Australia’s construction industry, which is currently facing a troubled period, is set to regain growth momentum from 2020 on the back of a range of major infrastructure development programs and projects, according GlobalData, a leading data and analytics company.
GlobalData’s report, ‘Construction in Australia – Key Trends and Opportunities by State and Territory to 2023’, reveals that Australia’s construction industry’s output value, measured at constant 2017 US dollar exchange rates, declined from US$171.6bn in 2017 to US$165.3bn in 2018, reflecting a sharp drop in activity in the oil and gas sector as major projects were completed.
According to the report, the industry is expected to remain weak in 2019, contracting by 2.4% in real terms, an outturn that partly reflects a lull in activity in the construction of major energy projects but also a downturn in the residential sector.
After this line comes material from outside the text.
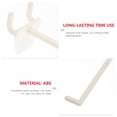 thumbnail image 3 of 100pcs Pegboard Hooks Universal Hole Board Hook Peg Board Tool Utility Hooks, 3 of 7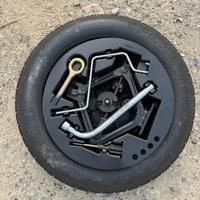 Ruotino di scorta fiat 14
Danny Richards, Construction Analyst at GlobalData, comments: “Residential construction accounted for 36% of the Australian construction industry’s total value in 2018. The residential sector has been expanding rapidly in recent years, but the consequent oversupply of residential buildings as well as tighter lending conditions will hamper the sector in the coming years, and by 2023 it will account for less than 32% of the industry’s total value.”
Highlighting the gloomy outlook for the residential sector, the total number of dwelling units approved in the country decreased by 22% year-on-year in the first four months of 2019, according to the Australian Bureau of Statistics (ABS), following declines of 5.8% in 2018 and 4% in 2017.
However, the industry’s output value in real terms is expected to rise at a compound annual growth rate of 2.14% over the forecast period (2019–2023), compared to -1.59% during the review period (2014–2018).
Richards concludes: “Australia’s construction industry will regain growth momentum from 2020. The improvement will be driven by investments in transport infrastructure, with the government planning to invest US$58.9bn to develop the country’s transport infrastructure by 2027–2028. Commercial and industrial projects and an improvement in consumer and investor confidence will also provide support, offsetting the downturn in residential construction.”